ClusterDistribution

Assesses the distribution of text embeddings across clusters produced by a model using KMeans clustering.

Purpose

The purpose of this metric is to analyze the distribution of the clusters produced by a text embedding model. By dividing the text embeddings into different clusters, we can understand how the model is grouping or categorizing the text data. This aids in visualizing the organization and segregation of the data, thereby giving an understanding of how the model is processing the data.

Test Mechanism

The metric applies the KMeans clustering algorithm on the predictions made by the model on the testing dataset and divides the text embeddings into a pre-defined number of clusters.

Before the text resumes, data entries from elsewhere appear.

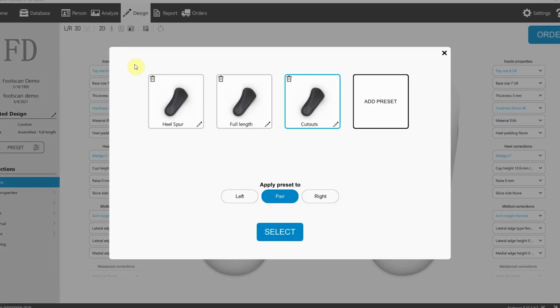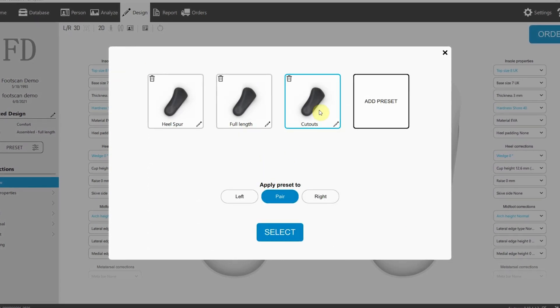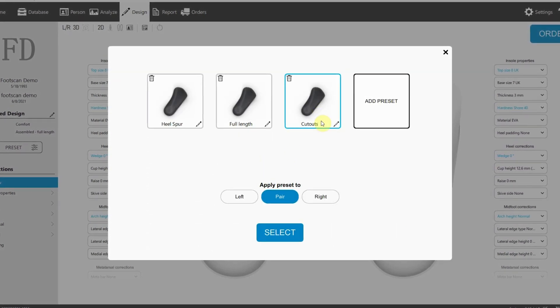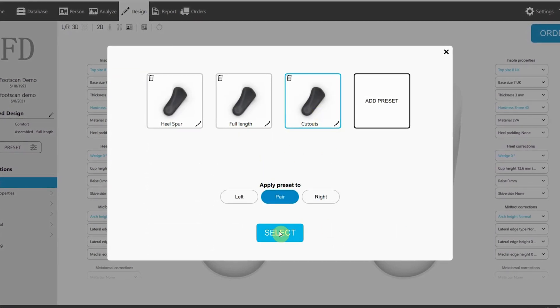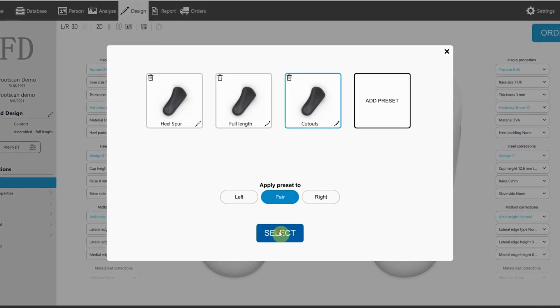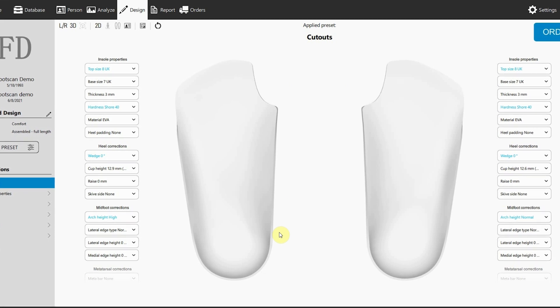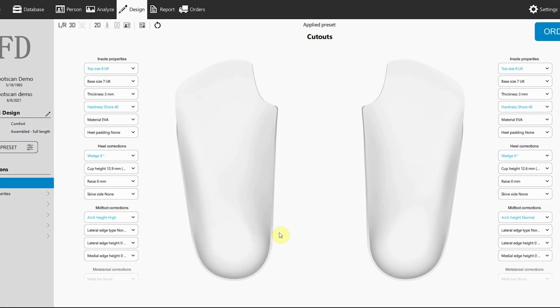Easily add new or existing presets, allowing you to start from a draft design that you can still tailor to the patient's needs afterward.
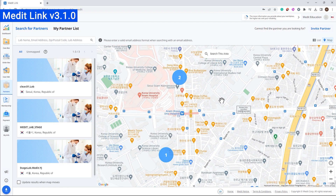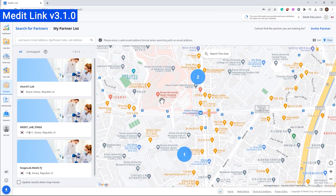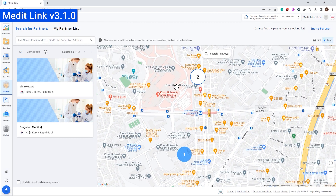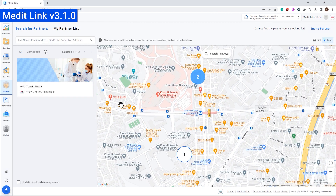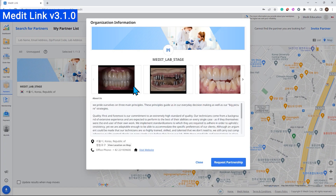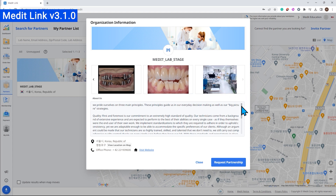Moreover, learning more about partners is now easier with the new interface of the organization information dialogue.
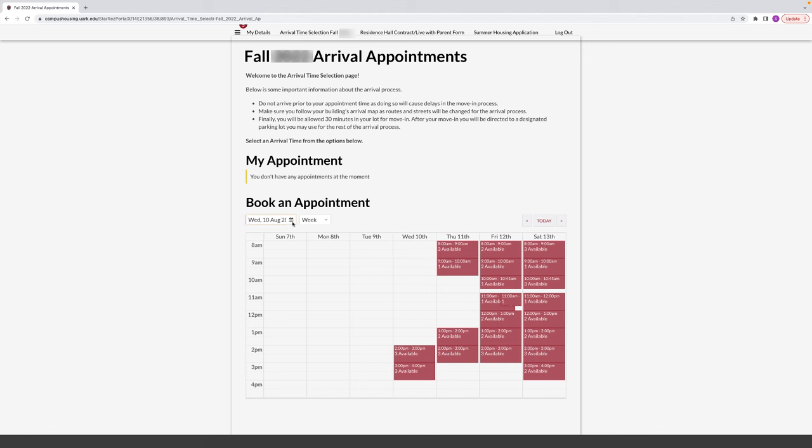If you are in more than one group, the group with the earliest move-in time will be the group you will see to select an arrival time.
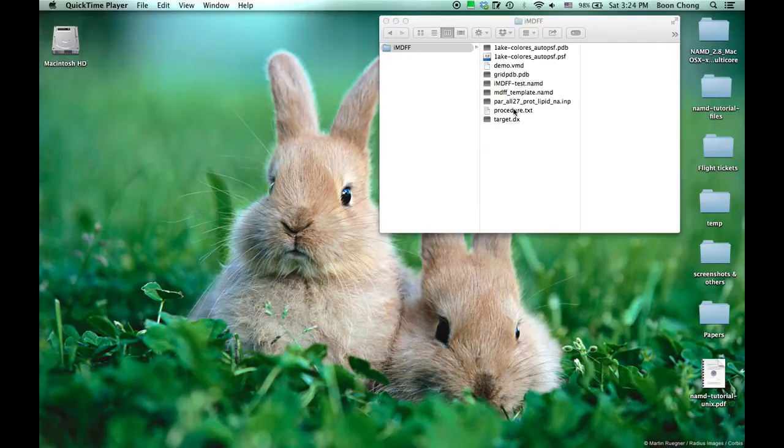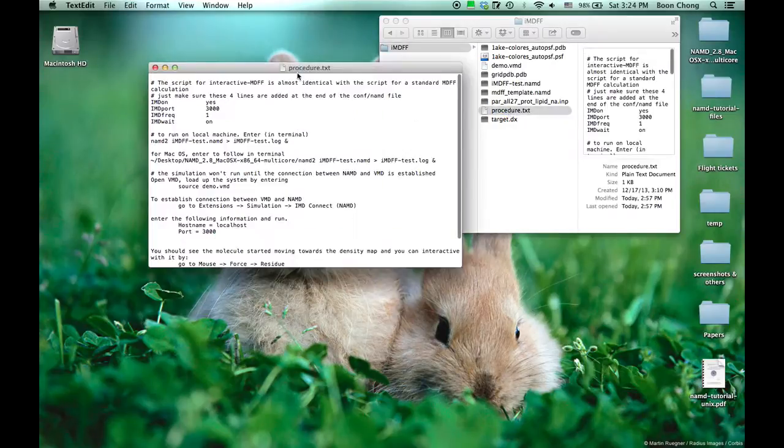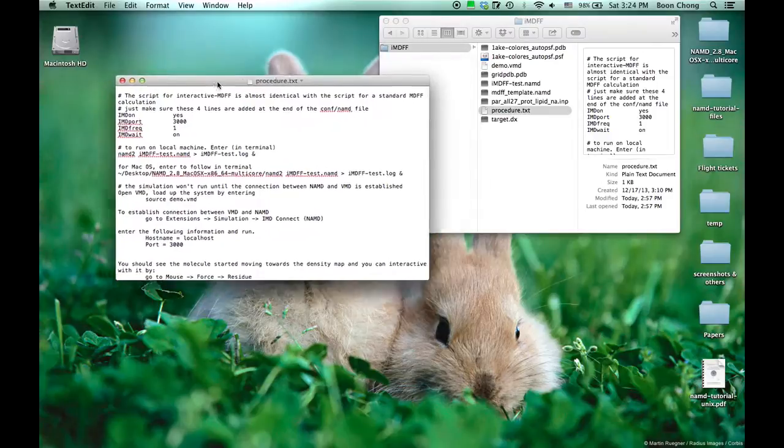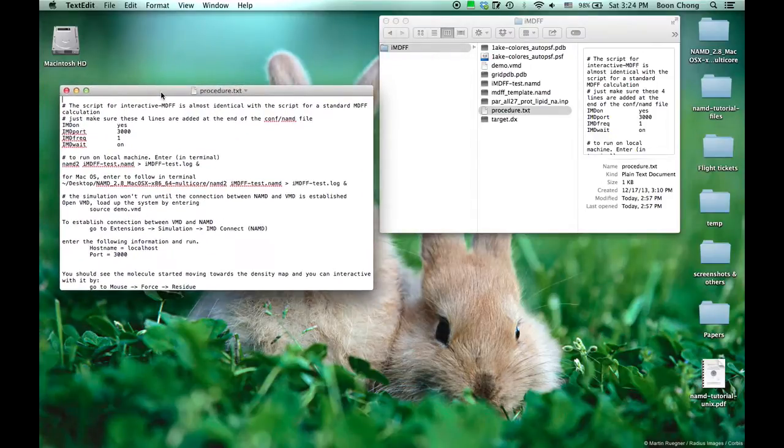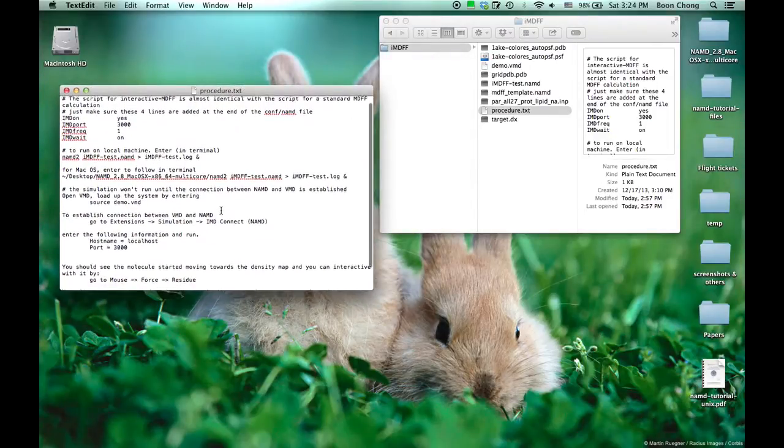First you want to look at the procedure. This tells you the general thing to do.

By default, this number is set to 5 but can be customized as per requirements. The output of this test is a histogram plot that shows the distribution of embeddings across these clusters.

Signs of High Risk

  • If the embeddings are skewed towards one or two clusters, it indicates that the model is not effectively differentiating the various categories in the text data.
  • Uniform distribution of the embeddings across the clusters might show a lack of proper categorization.

Strengths

  • Great tool to visualize the text data categorization by the model.
  • Provides a way to assess if the model is distinguishing the categories effectively or not.
  • Flexible with the number of clusters, so it can be used on various types of data regardless of the number of categories.

Limitations

  • Success or failure of this test is based on visual interpretation, which might not be enough for making solid conclusions or determining the exact points of failure.
  • Assumes that the division of text embeddings across clusters should ideally be homogeneous, which might not always be the case depending on the nature of the text data.
  • Only applies to text embedding models, reducing its utility across various ML models.
  • Uses the KMeans clustering algorithm, which assumes that clusters are convex and isotropic, and may not work as intended if the true clusters in the data are not of this shape.